Also if the VR headset rumors are true, we aren't even talking about a Mac Pro, because the headset is supposed to be a standalone device. It will have the graphics power of an iPad. Apple just doesn't care about the kind of hardware modern PC gamers care about.
We’ll see what happens, I have a feeling Apple are focusing on weight reduction for a low heat comfortable experience with airpods level audiovisual transparency so the SoC could be with the external battery pack connected via a cable. So far these devices are popular with gamers, for art projects and other esoteric uses but I do not know if the upper limit in pricing would make this a compelling product and given Apple‘s fixation on control I do wonder if gaming companies will welcome this device especially since Apple has been at the throat of the company behind Unreal Engine and they might not be keen to cavort with their devil.
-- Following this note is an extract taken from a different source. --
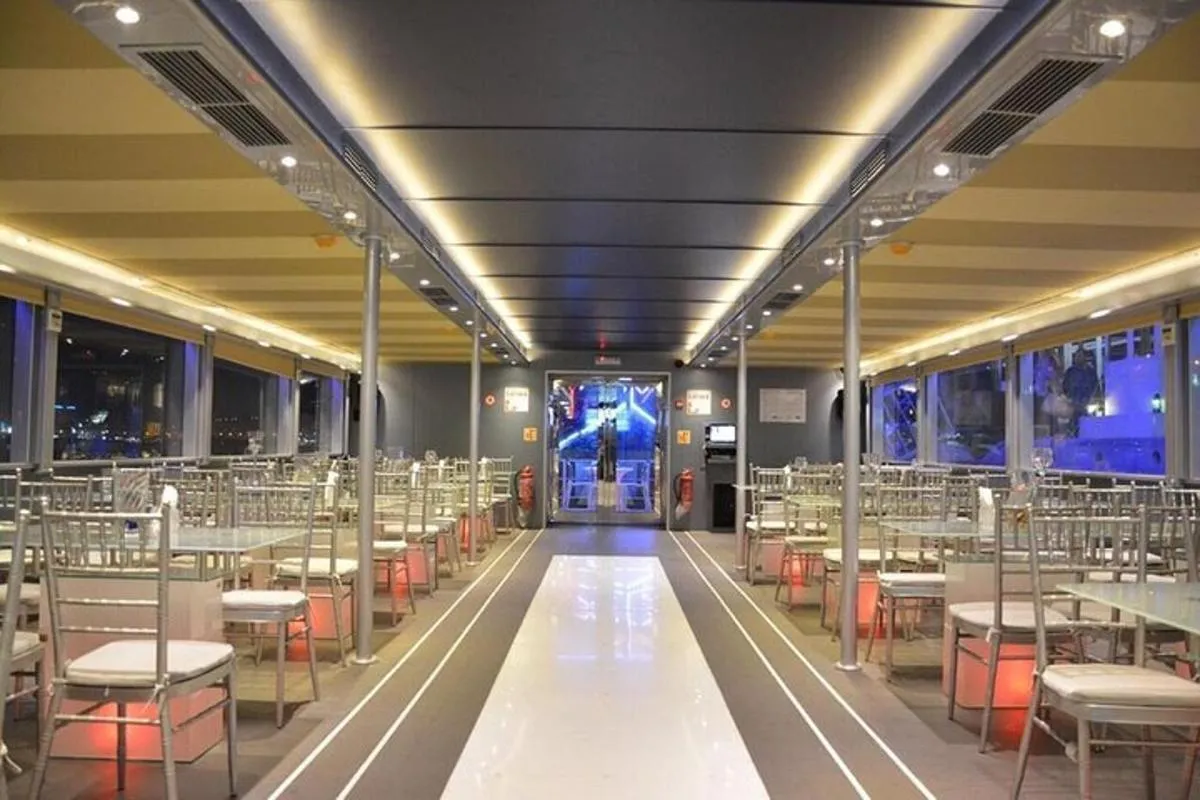 Image 2 of Marina Dhow Cruise Dinner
As I said more and more of what we do is going to 3D, including the moving image field Macs thrive on. The AS M3 is meant to have ray tracing so at least it’s moving in a positive direction. The reason for high-end hardware is for development time; by the time the software is released on the hardware it’s meant to run on, things would have progressed significantly. We’ll see, Apple may do a Nintendo (low spec, more fun) if they do look at gaming or mostly focus on the human communication experience.
 
I definitely think Apple should focus on increasing the power of their GPUs if they are going to never support 3rd party GPUs again, which seems to be the case. However, Apple isn't doing anything the way I would if it were up to me. Before even thinking about a VR headset they should be taking gaming seriously and making Macs with very powerful GPUs, and really push for game developer adoption, and buy some game studios like Sony and Microsoft always are. They should also make a game console version of the Apple TV also with a powerful GPU. But Apple isn't interested in any of this, nor are they interested in making a new Mac Pro with GPUs that beat out Nvidia and AMD.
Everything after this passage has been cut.